For the past few weeks, Ivan Nova has been bouncing around the clubhouse, itching to return to the mound.
Nova had been eager to show that he could pitch similar to the way that placed him in last year’s AL Rookie of the Year conversation.
He got his chance Saturday and in possibly his biggest career regular season start, Nova delivered a strong performance. He threw 85 outstanding pitches and pitched one batter into the seventh inning during a 5-3 victory over the Rays.
“I feel really good,” Nova said. “I was getting crazy in the past couple of days and I was ready for this moment to be back on the mound.”
“Everything,” manager Joe Girardi said in describing what he liked about Nova’s outing. “His fastball was outstanding. His curveball was really good today. His location and quick outs [were good]. If you think about it, he was on an about 80-pitch count and got into the seventh inning and it seems like before this little layoff he was struggling with command.”

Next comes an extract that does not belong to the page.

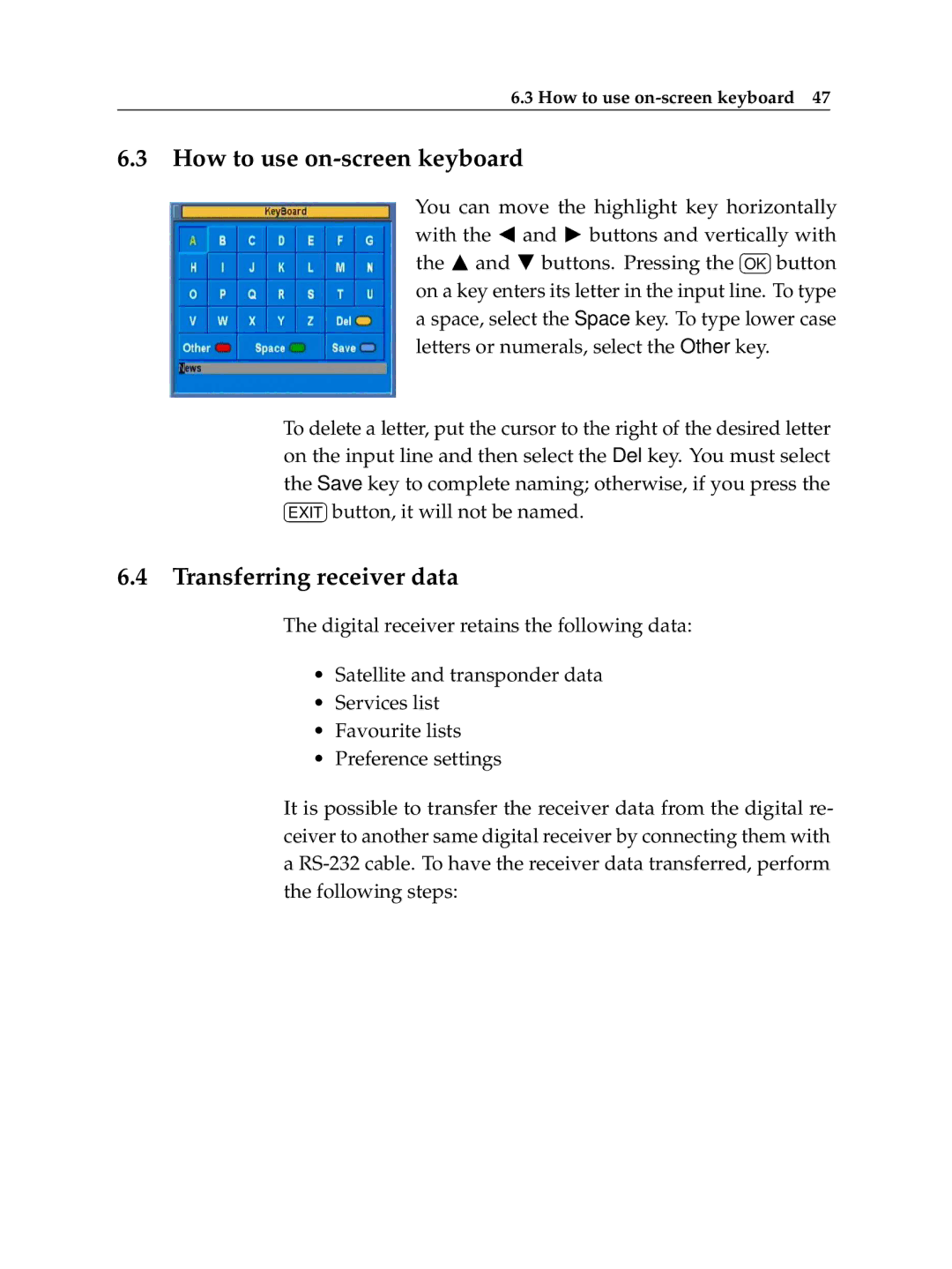 Topfield TF 6000 FE manual How to use on-screen keyboard, Transferring receiver data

Nova allowed two runs and four hits. The only run he actually allowed was a solo home run to Evan Longoria in the sixth. The other run he was charged with came when Joba Chamberlain allowed a two-run single to pinch hitter Luke Scott in the seventh.
Nonetheless, it was a successful return for Nova, who tipped his cap to the fans who gave him a standing ovation for a performance that was more on par with this June when he allowed six earned runs in 35 2/3 innings.
“It was better,” Nova said of the difference in stuff from his slump in July to Saturday. “I was throwing strikes. My fastball wasn’t too effective over the plate like it was today. I felt that was really good and I was getting ahead in the count.”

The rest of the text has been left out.